Big Data world

BigData World

What is Big data?

Big data is also data but with an immense scale. Big Data is a concept used to characterize a data set that is immense in volume and yet exponentially increasing over time.

In short, such data is so huge and complex that it can not be saved or processed effectively by any of the conventional data processing methods. The concept of Big Data gained traction in early 2000’s when industry analyst Doug Laney expressed the now-mainstream idea of big data as the three V’s.

The three V’s

Image for post

Volume :- Organizations gather data from a variety of sources including business transactions, smart devices, social media and more. Storing it may have been a challenge in the past-but cheaper storage on platforms such as data lakes and Hadoop has eased the burden.

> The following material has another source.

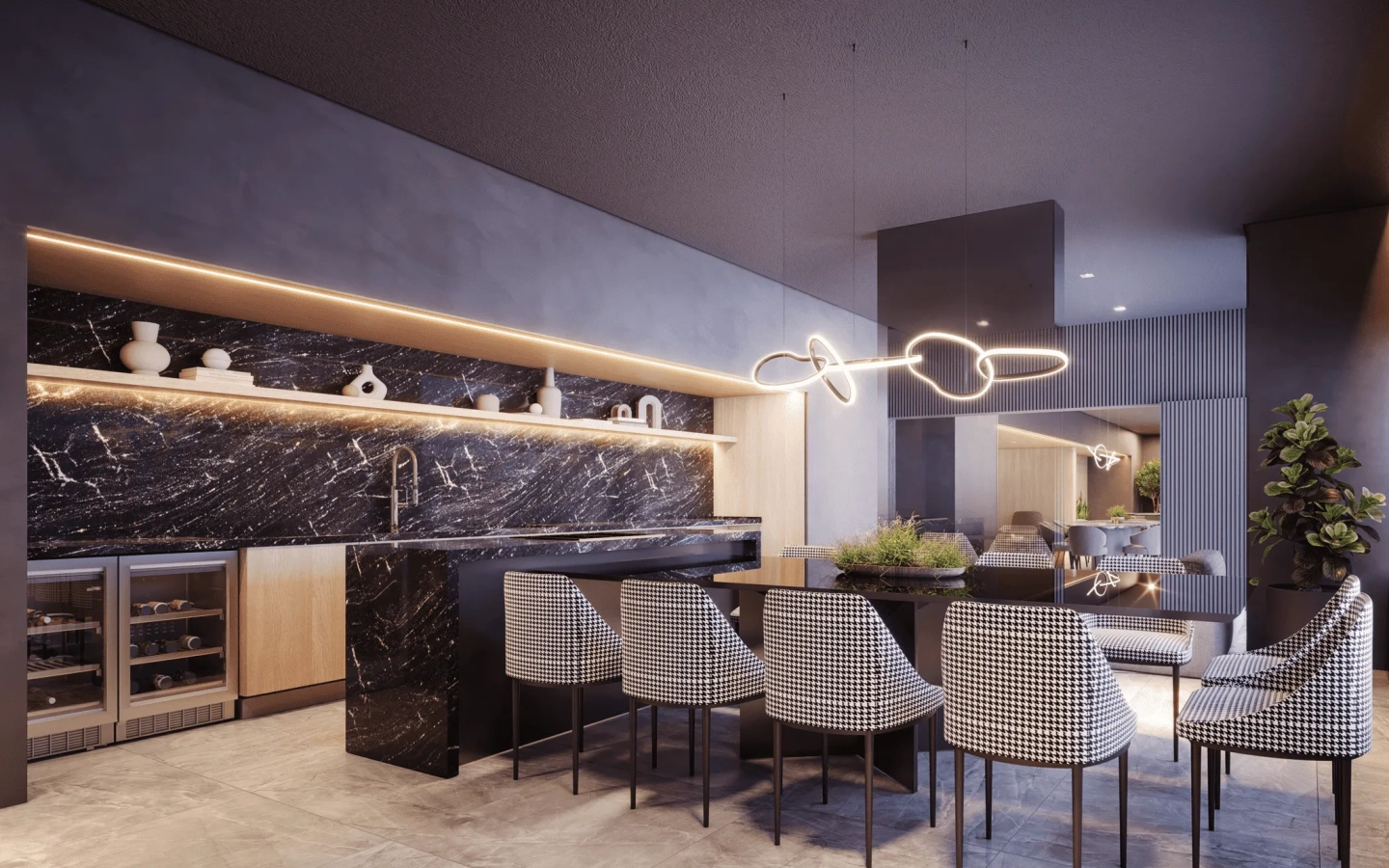 Perspectiva ilustrada gourmet lounge do Brooklyn Bridge by Cyrela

Velocity :- With the growth of the Internet of Things, data flows at an incredible pace to companies and must be managed in a timely manner. The need to deal with these streams of information in real time is powered by RFID tags, sensors and smart meters.

Variety :- Data comes in all sorts of formats, from structured, numerical data to unstructured text documents, emails, images, audios and financial transactions in conventional databases.

Need of Big Data

According to an IBM Marketing Cloud report, 90 % of the data on the internet have been generated since 2016. People, companies, and computers have all become factories of data that pump enormous amounts of information into the web every day. You might be surprised to find out that :-

1.7MB of data is created every second by every person during 2020.
There are 4.57 billion active internet users around the world
2.5 quintillion bytes of data are produced by humans every day.
463 exabytes of data will be generated each day by humans as of 2025.
95 million photos and videos are shared every day on Instagram.
By the end of 2020, 44 zettabytes will make up the entire digital universe.
Every day, 306.4 billion emails are sent, and 5 million Tweets are made.
350 million photos are uploaded to Facebook each day.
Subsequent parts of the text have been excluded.